Parallel phrases define Zion as “those of her who repent.” That is, those of Jehovah’s people—his wife within the marriage covenant—who repent. As we observe in a repeat definition, Zion represents that category of his people to whom Jehovah comes to reign: “He will come as Redeemer to Zion, to those of Jacob who repent of transgression” (Isaiah 59:20). While those whom Isaiah identifies as Jacob or Israel represent a category of believers in God, those whom he identifies as Zion or Jerusalem represent a higher spiritual category, namely persons who repent of transgression—not all Israel.

Justice . . . righteousness. The reestablishment of justice and righteousness qualifies Jehovah’s people for deliverance from destruction in Jehovah’s Day of Judgment.
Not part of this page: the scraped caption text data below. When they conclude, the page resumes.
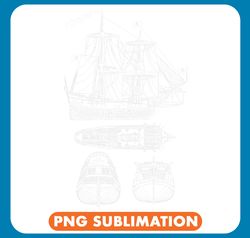 Pirate Ship Schematic Blueprint Crossbones Sailing Pirate 3 png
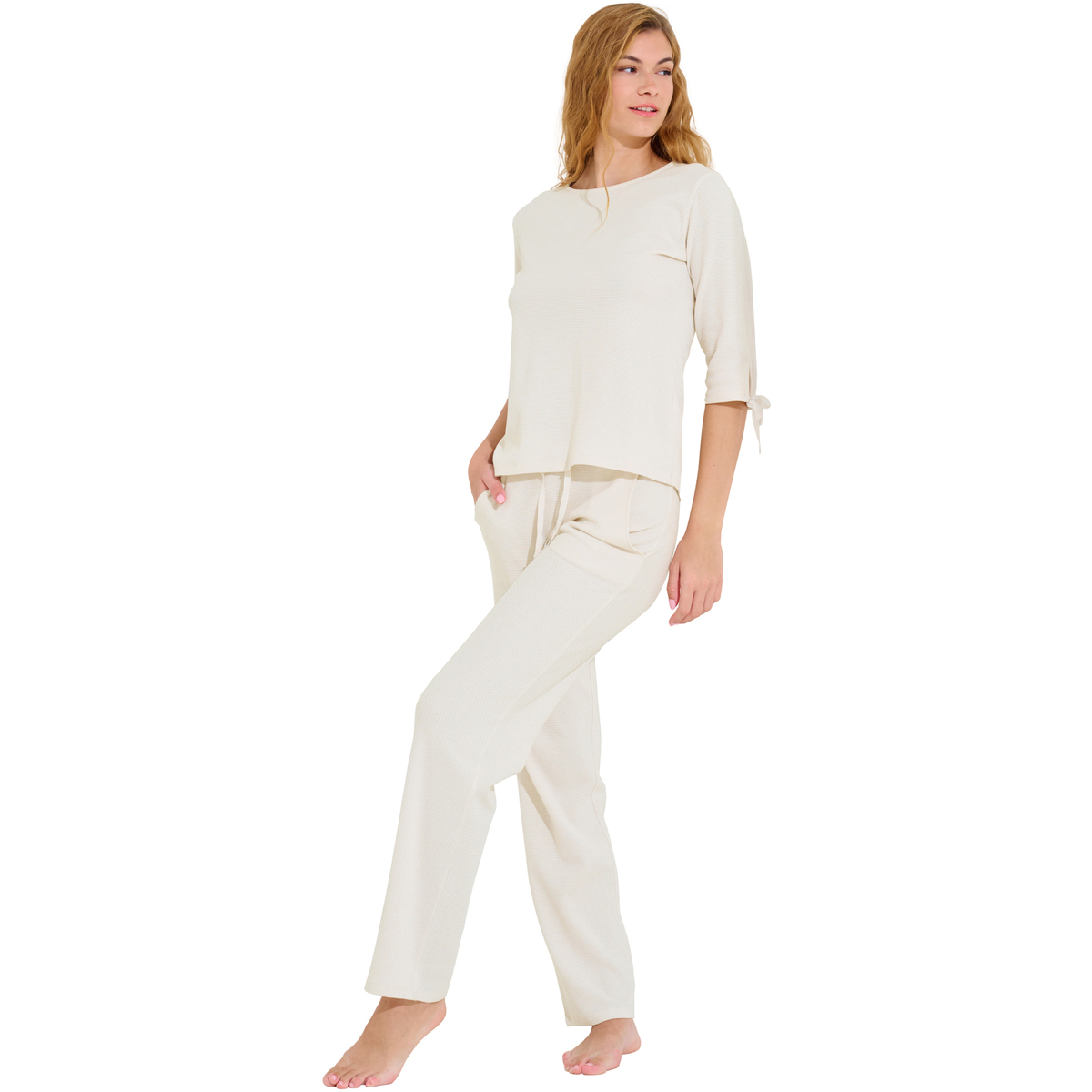 Kleidung Damen Pyjamas/ Nachthemden Lisca Pyjama Hose Top Dreiviertel-Ärmel FREELY  Cheek Weiss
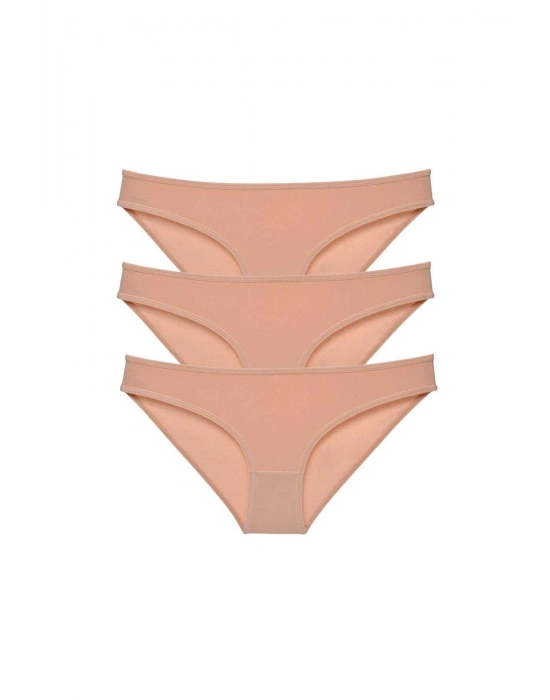 3 adet Süper Eko Set Likralı Kadın Slip Külot Ten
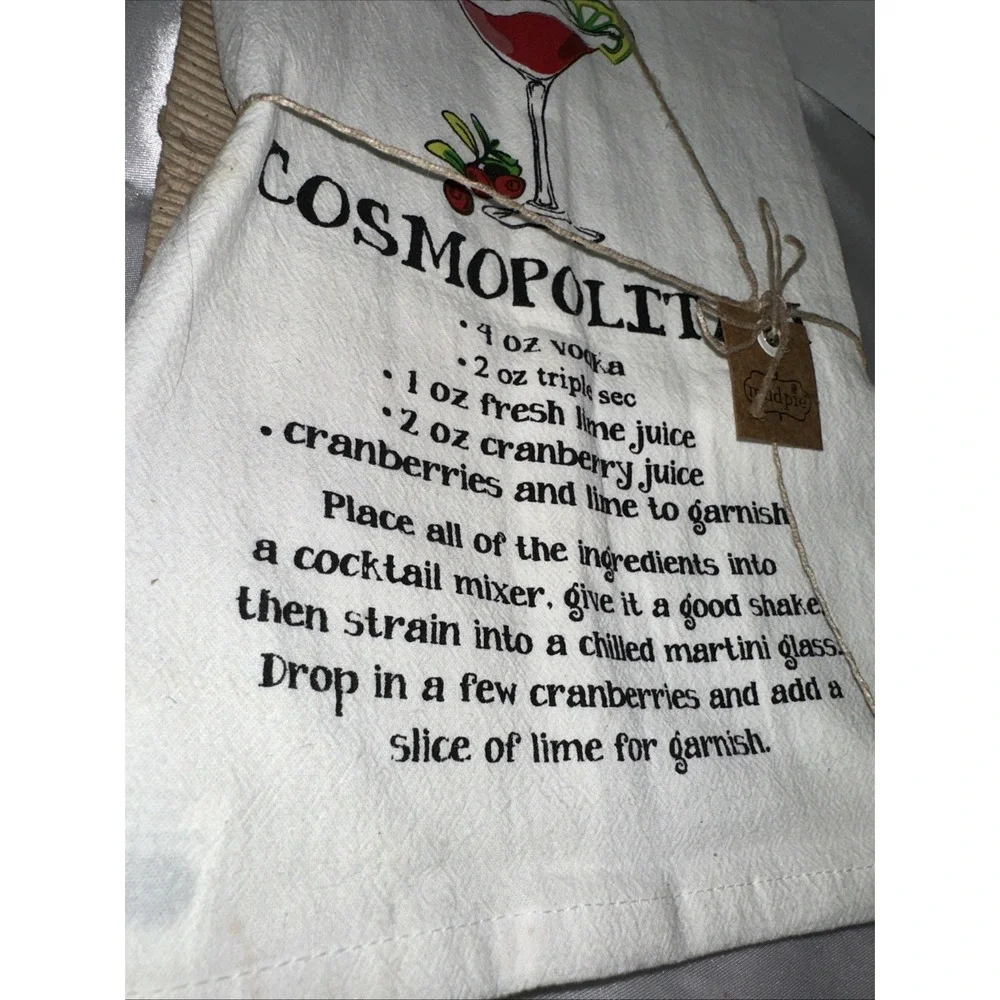 MUD PIE Drink Recipe COSMOPOLITAN Cotton Tea Towel NEW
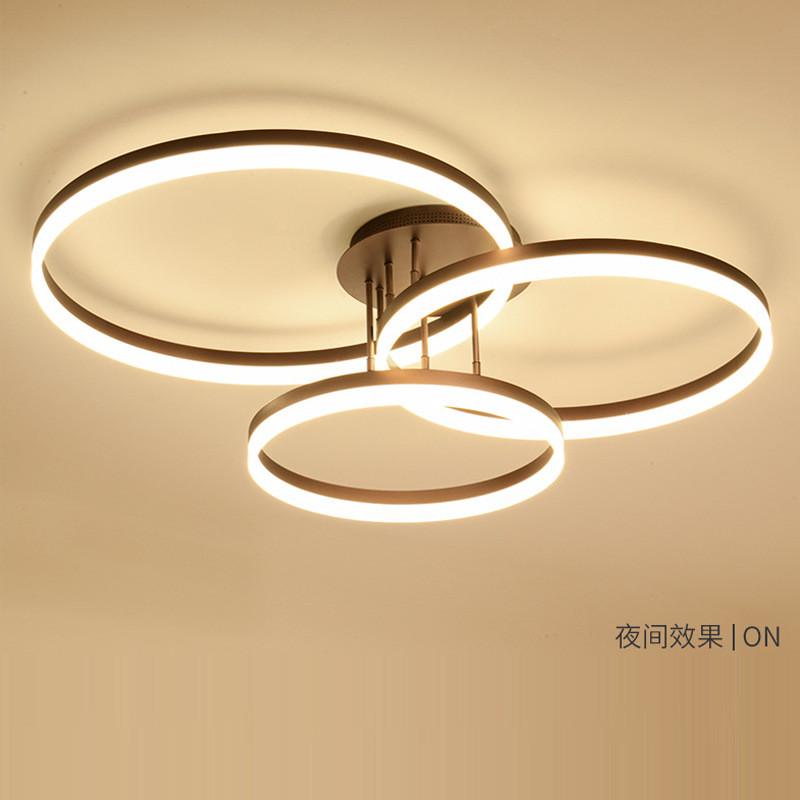 后现代简约led亚克力吸顶灯北欧客厅灯房间卧室灯圆形三圈创意灯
To that end, Jehovah sends his servant, who personifies righteousness, to restore justice in the earth and to serve as an exemplar of righteousness (Isaiah 41:2; 42:1–4; 46:11–13). While the verb “ransomed” (pdh) applies largely to the physical deliverance of Jehovah’s people, its synonym “redeemed” (g’l) applies to their spiritual salvation (Isaiah 44:22). In effect, he who “redeems” is Jehovah, while he who “ransoms” is his servant.

28 But criminals and sinners shall be altogether shattered when those who forsake Jehovah are annihilated.

Paralleling (1) “criminals and sinners” who are “shattered” with (2) “those who forsake Jehovah” who are “annihilated” identifies both as Jehovah’s people. These, in turn, parallel “adversaries” and enemies” (v 24)—also his people—in an a1b1cb2a2 mini-chiasm: adversaries and enemies are avenged (v 24)—a1; Jehovah’s hand is restored (v 25)—b1; a righteous city is born (v 26)—c; Zion is ransomed by righteousness (v 27)—b2; and criminals and sinners are annihilated (v 28)—a2. In short, when Jehovah’s hand of righteousness intervenes, some are delivered while others perish.

29 And you will be ashamed of the oaks you cherished and blush for the parks you were fond of.

Isaiah portrays a kind of nature worship centered around “oaks” and “parks.” The parallel verbs “cherish” or “lust after” (hamadtem) and “fond of” or “prefer” (behartem) allude to the idolatrous nature of the practice (cf. Isaiah 57:5; 65:3). Because the word “oaks” (’elim) is a metaphor for elite persons in society, moreover (Isaiah 61:3), additional meanings of these terms suggest that those whom Jehovah’s people fancy include persons of wealth, power, or position who are popular with the masses, persons whom they idolize as “gods” (’elim) or toward whom they “express fawning adulation” (hamadtem).

30 You shall become like an oak whose leaves wither, and as a garden that has no water.

In his Day of Judgment, Jehovah humbles the elite of the earth (Isaiah 23:9; 26:5), while those who were humbled he exalts (Isaiah 49:7; 52:1–2). The covenant curses of drought, searing winds, and dying vegetation overtake the wicked (Isaiah 17:13; 27:8; 33:9), causing lakes and rivers to evaporate and dry up (Isaiah 19:5–7; 42:15). While the pronoun “you” addresses Jehovah’s people, desolate conditions also overspread the earth (Isaiah 24:4–12). Indeed, it is his people’s apostasy that precipitates Jehovah’s Day of Judgment. Although the whole earth suffers, they are the catalyst (Isaiah 10:5–7).

31 The mighty shall be as refuse, their works, a spark; both shall burn up alike, and there shall be none to extinguish.

The “mighty”—the icons of society—become but burnt refuse as Jehovah cleanses the earth of wickedness. Their “works” or institutions are the spark that sets off the conflagration. “Refuse,” a chaos motif, signifies the disintegration of the old society before the new—the community of Zion or Jerusalem—takes its place (Isaiah 2:2–4). Jehovah appoints the king of Assyria/Babylon as his instrument for burning up the wicked of his people and the nations (v 7; Isaiah 9:18–19; 10:5–7; 33:1, 12–14; 47:14). Jehovah ordained this archtyrant’s cleansing of the earth “long ago . . . in days of old” (Isaiah 37:26).